I recently revived an old program I wrote for Windows. The only problem

was I'd used Turbo C and just tucked in a few extensions... Microsoft
had also discontinued support for some calls. I did get it running
again
but things could have been smoother.
--
Nick Keighley

Programming should never be boring, because anything mundane and
repetitive should be done by the computer.
~Alan Turing

Apr 23 '06 #7
Anando wrote:
Hi

Thanks for your algorithm. I was thinking of the copy to new list and
destroy old list as well - but when I copied the data it was a shallow
copy (i.e the data in the structure was not copied). Is it possible to
use memcpy or something to copy - if so could you please give a small
example of copying an element such that the data is also copied ?

Many thanks,
Anand.


Please remember to quote the post above you; Usenet is not a message board.

Let's assume that you have a struct with 3 variables:
struct data {
int a;
int b;
int c;
}

And within your list you have a pointer to such a struct:
struct data *node;

To memcpy one of these nodes, you must:
1) Allocate the space:
struct data *cp_node = malloc (sizeof (struct data))
if (cp_node == NULL)
{
/* In case you can't get enough memory, do something here */
}

2) Copy it over:
memcpy (cp_node, node, sizeof(struct node);
Apr 23 '06 #8

"Nick Keighley" <ni************ ******@hotmail. com> wrote in message
news:11******** **************@ j33g2000cwa.goo glegroups.com.. .
*I* find it amusing that GNU of all "organisati ons" would be
encouraging
the usage of non-standard extensions. We criticise Microsoft et al for
"extending" standards and hence locking customers in. The same applies
to GNU extensions (and I'm not entirely convinced the motives are any
purer)


many extensions in gcc indeed, i guess gcc being non commercial makes it not
evil :)
Apr 23 '06 #9
Nick Keighley a écrit :
Bill Pursell wrote:

I'm at the "extensions are Evil, they rot your teeth, they make your
hair
fall out" end of the spectrum.

Yes but, as you say in the next line:
To be more realistic extensions of some
sort
are always necessary in real world programs.
There you are. Extensions ARE needed, and all languages and improvements
of software were born as extensions of some other stuff.

The C language?

Was an "extension" of BCPL, :-)

C++?

Extension of C

Etc etc.

[snip]
One I had an argument about was a "flattened" union

So

union A
{
union B
{
int c;
}
};

(apologies if I got the syntax wrong I don't use unions...). With this
extension you could access c with both A.B.c and A.c.
This is a very useful extension, one that I have included also in the
lcc-win32 compiler. As you can see useful extensions are that: USEFUL
and they tend to be copied by other compiler, and eventually they make
it into the standard, if the commitee agrees on "existing practice"...
The other party argued "well it's there and it's useful so why not use it?" to my "If
you
can avoid an extension then do so". I work on systems that can outlive
their hardware so I consider this a wise course.

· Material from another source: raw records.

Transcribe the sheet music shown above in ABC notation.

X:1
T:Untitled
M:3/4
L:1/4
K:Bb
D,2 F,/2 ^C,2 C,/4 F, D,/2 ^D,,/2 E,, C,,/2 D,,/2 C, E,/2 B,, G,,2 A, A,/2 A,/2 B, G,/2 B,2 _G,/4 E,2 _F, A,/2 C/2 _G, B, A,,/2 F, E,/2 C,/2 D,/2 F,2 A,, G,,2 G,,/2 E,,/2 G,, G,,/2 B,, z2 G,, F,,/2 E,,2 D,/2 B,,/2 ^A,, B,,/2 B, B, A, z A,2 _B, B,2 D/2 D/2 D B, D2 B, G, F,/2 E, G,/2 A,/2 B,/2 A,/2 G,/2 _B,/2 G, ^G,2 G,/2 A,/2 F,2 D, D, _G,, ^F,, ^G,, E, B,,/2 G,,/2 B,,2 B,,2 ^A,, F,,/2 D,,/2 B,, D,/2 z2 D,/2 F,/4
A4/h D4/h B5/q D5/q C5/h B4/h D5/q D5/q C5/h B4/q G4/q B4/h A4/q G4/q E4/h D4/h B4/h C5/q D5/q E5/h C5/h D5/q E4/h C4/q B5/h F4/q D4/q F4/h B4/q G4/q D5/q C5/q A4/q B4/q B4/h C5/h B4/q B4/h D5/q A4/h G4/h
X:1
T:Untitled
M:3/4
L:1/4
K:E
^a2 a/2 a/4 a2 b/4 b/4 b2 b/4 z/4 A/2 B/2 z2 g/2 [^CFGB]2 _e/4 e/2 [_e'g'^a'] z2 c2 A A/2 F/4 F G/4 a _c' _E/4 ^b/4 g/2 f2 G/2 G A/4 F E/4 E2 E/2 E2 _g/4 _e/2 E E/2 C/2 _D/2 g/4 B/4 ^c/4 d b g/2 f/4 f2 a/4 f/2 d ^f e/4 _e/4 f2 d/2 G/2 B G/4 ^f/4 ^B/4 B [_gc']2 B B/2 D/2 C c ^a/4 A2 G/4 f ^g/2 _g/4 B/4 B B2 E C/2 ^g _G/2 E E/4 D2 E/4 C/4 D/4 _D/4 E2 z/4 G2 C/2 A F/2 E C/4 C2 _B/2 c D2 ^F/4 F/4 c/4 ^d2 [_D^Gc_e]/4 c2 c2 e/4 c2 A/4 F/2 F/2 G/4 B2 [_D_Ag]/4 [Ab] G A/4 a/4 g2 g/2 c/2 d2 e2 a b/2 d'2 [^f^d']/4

It is a stupid course because:

If you change the layout of the structures you have to modify ALL THOSE
LINES in your code that access that particular field!!!!!

Instead of all that work, your code A.c still works NO MATTER WHERE in
the structure you change the layout!

You understand now?

Extensions are NOT just evil stuff that compiler writers find out to
"lock their users in" but are USEFUL for certain situations!